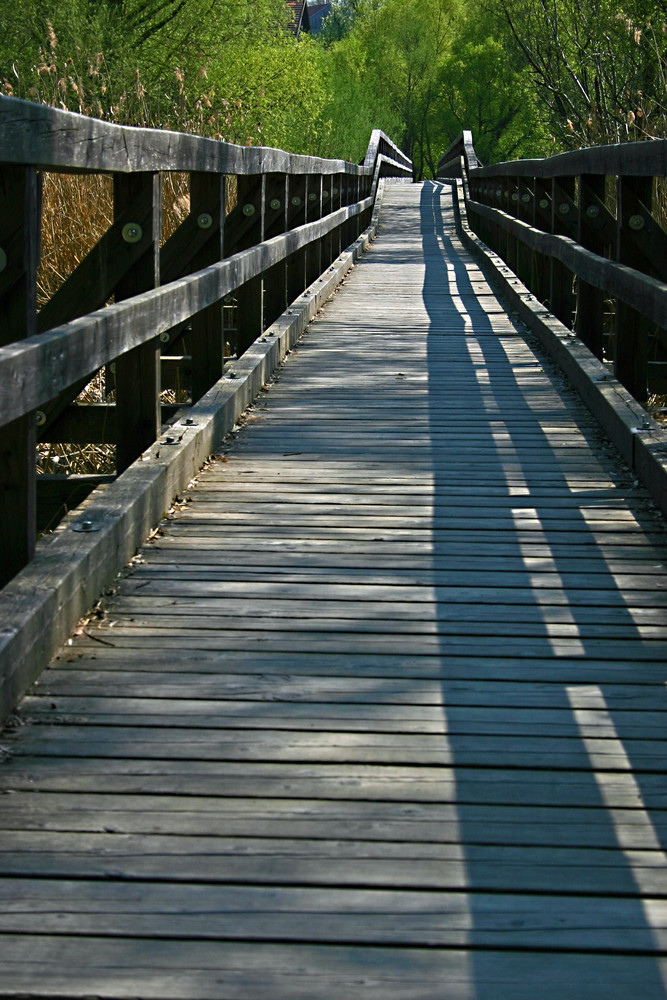 Auf dem Holzweg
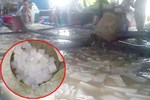 Hãi hùng chứng kiến công nghệ làm thạch dừa siêu bẩn: Thạch được ngâm trong bể nước đục ngầu, nhân viên thản nhiên nhổ nước bọt vào bể-8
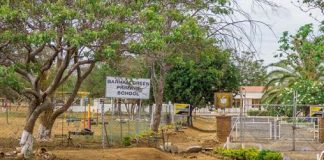 51 Learners Hospitalised After Bee Attack At Bulawayo School 51 Learners Hospitalised After Bee Attack At Bulawayo School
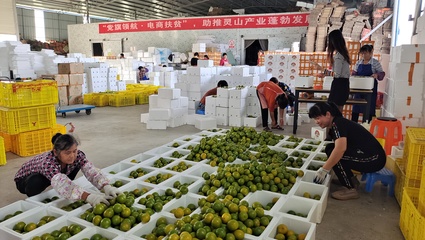 靈山縣“三引領”激發新社會階層人士創新創業活力，助推農產品發展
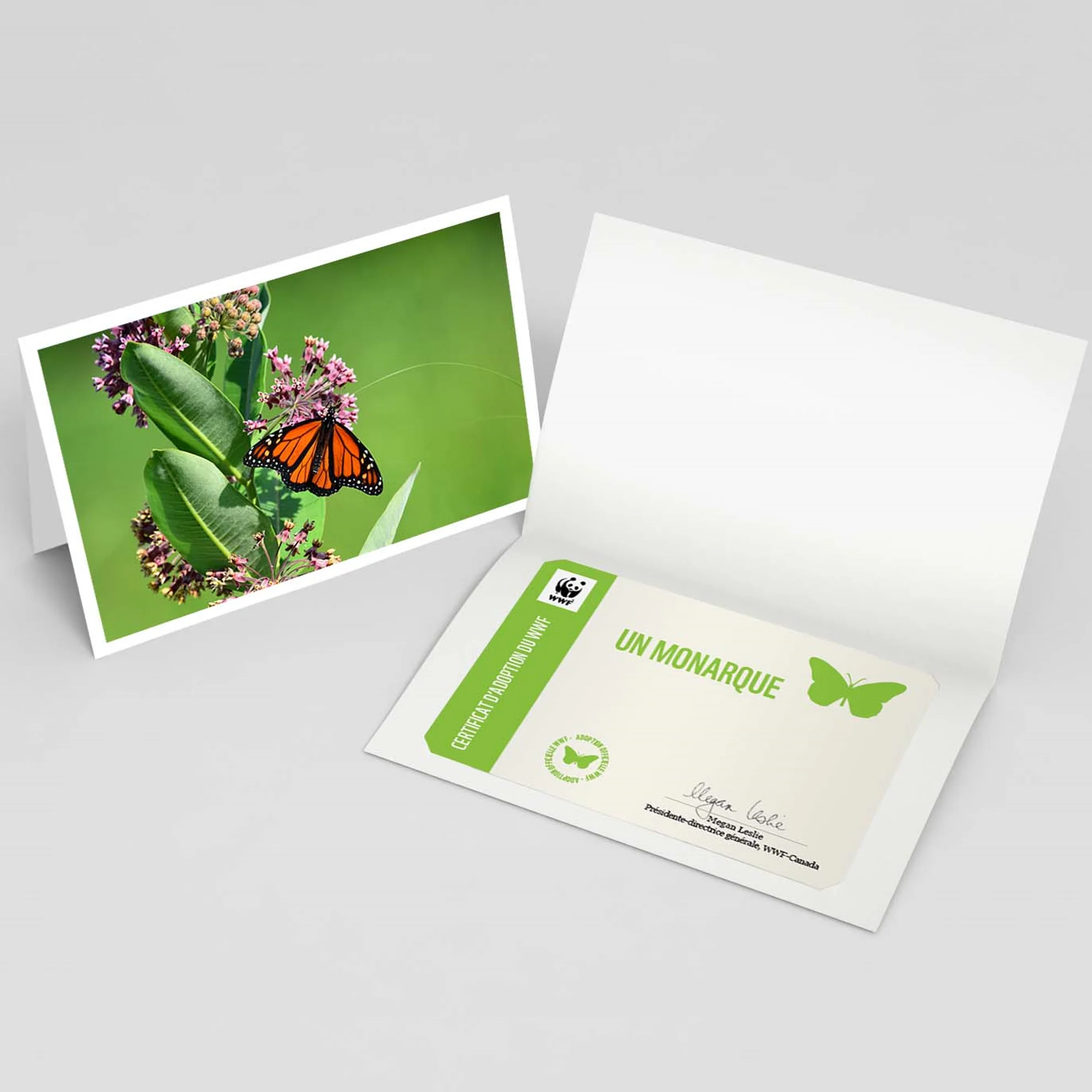 Carte monarque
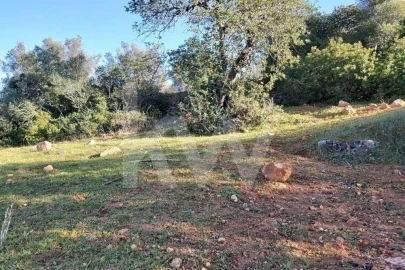 Terreno para Venda em Boliqueime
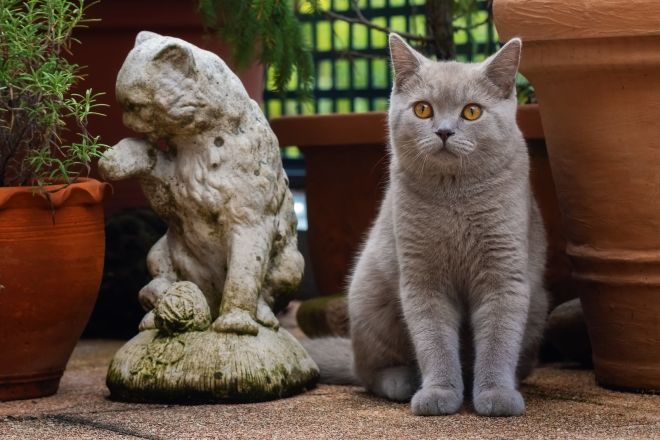 Коты Британцы Фото Прямоухие Серые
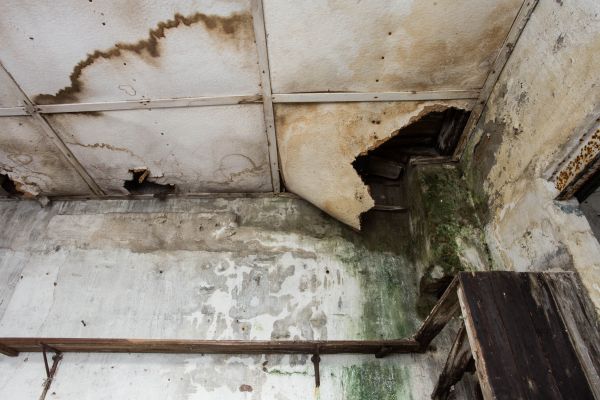 Cost of Water Damage Service in Naples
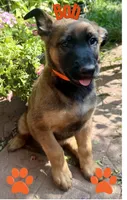 Bob, a male Belgian Malinois and German Shepherd Dog for sale in Cockeysville, MD – 1 of 5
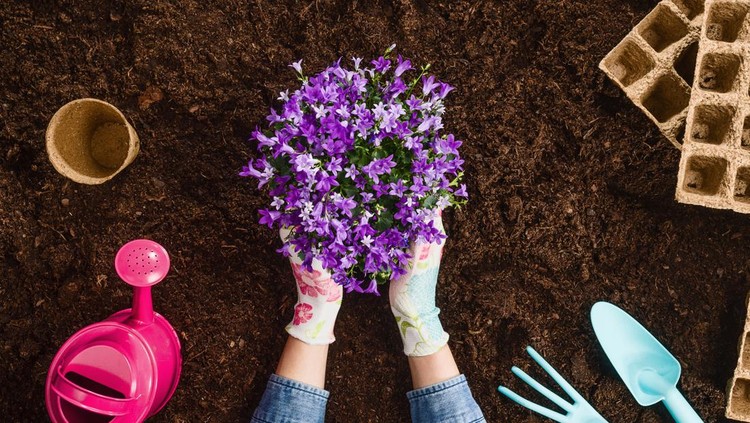pupuk tanaman hias Planting a plant with gardening tools on fertile soil texture background seen from above, top view. Gardening or planting concept. Working in the spring garden.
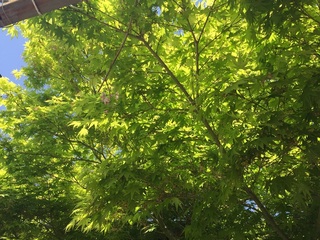 green.jpg
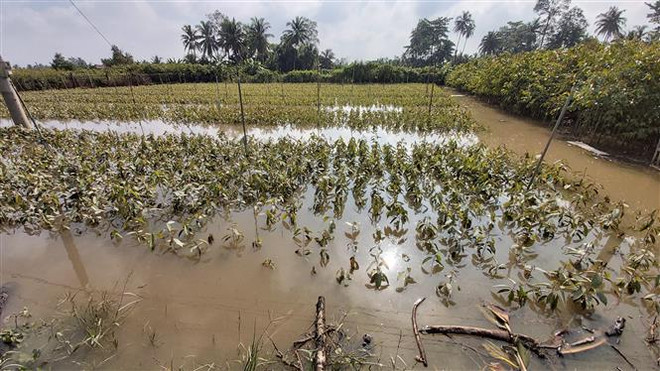Bến Tre: Triều cường làm vỡ đê bao gây ngập trên 20ha cây giống ảnh 2
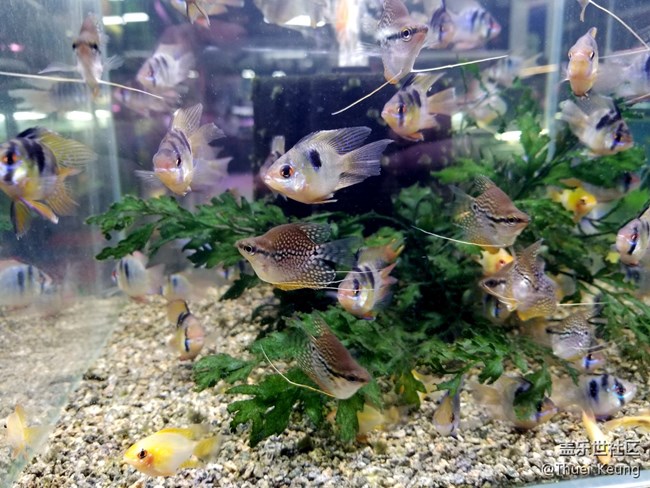 觀賞魚市場隨拍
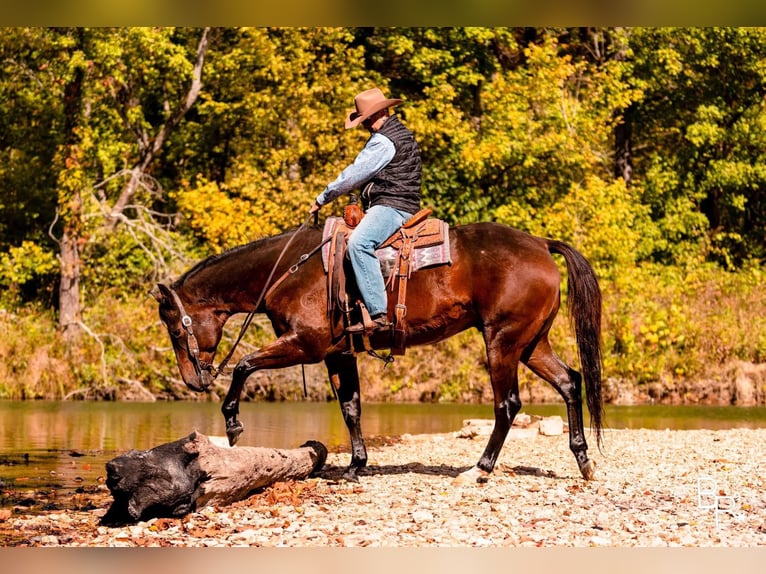 American Quarter Horse Wallach 9 Jahre Rotbrauner in Mountain Grove MO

** TASK STATEMENT **
All of the data is to be returned exactly, with no pictures included.

** ANSWER **
 Auf dem Holzweg
 Hãi hùng chứng kiến công nghệ làm thạch dừa siêu bẩn: Thạch được ngâm trong bể nước đục ngầu, nhân viên thản nhiên nhổ nước bọt vào bể-8
 51 Learners Hospitalised After Bee Attack At Bulawayo School 51 Learners Hospitalised After Bee Attack At Bulawayo School
 靈山縣“三引領”激發新社會階層人士創新創業活力，助推農產品發展
 Carte monarque
 Terreno para Venda em Boliqueime
 Коты Британцы Фото Прямоухие Серые
 Cost of Water Damage Service in Naples
 Bob, a male Belgian Malinois and German Shepherd Dog for sale in Cockeysville, MD – 1 of 5
pupuk tanaman hias Planting a plant with gardening tools on fertile soil texture background seen from above, top view. Gardening or planting concept. Working in the spring garden.
 green.jpg
Bến Tre: Triều cường làm vỡ đê bao gây ngập trên 20ha cây giống ảnh 2
 觀賞魚市場隨拍
 American Quarter Horse Wallach 9 Jahre Rotbrauner in Mountain Grove MO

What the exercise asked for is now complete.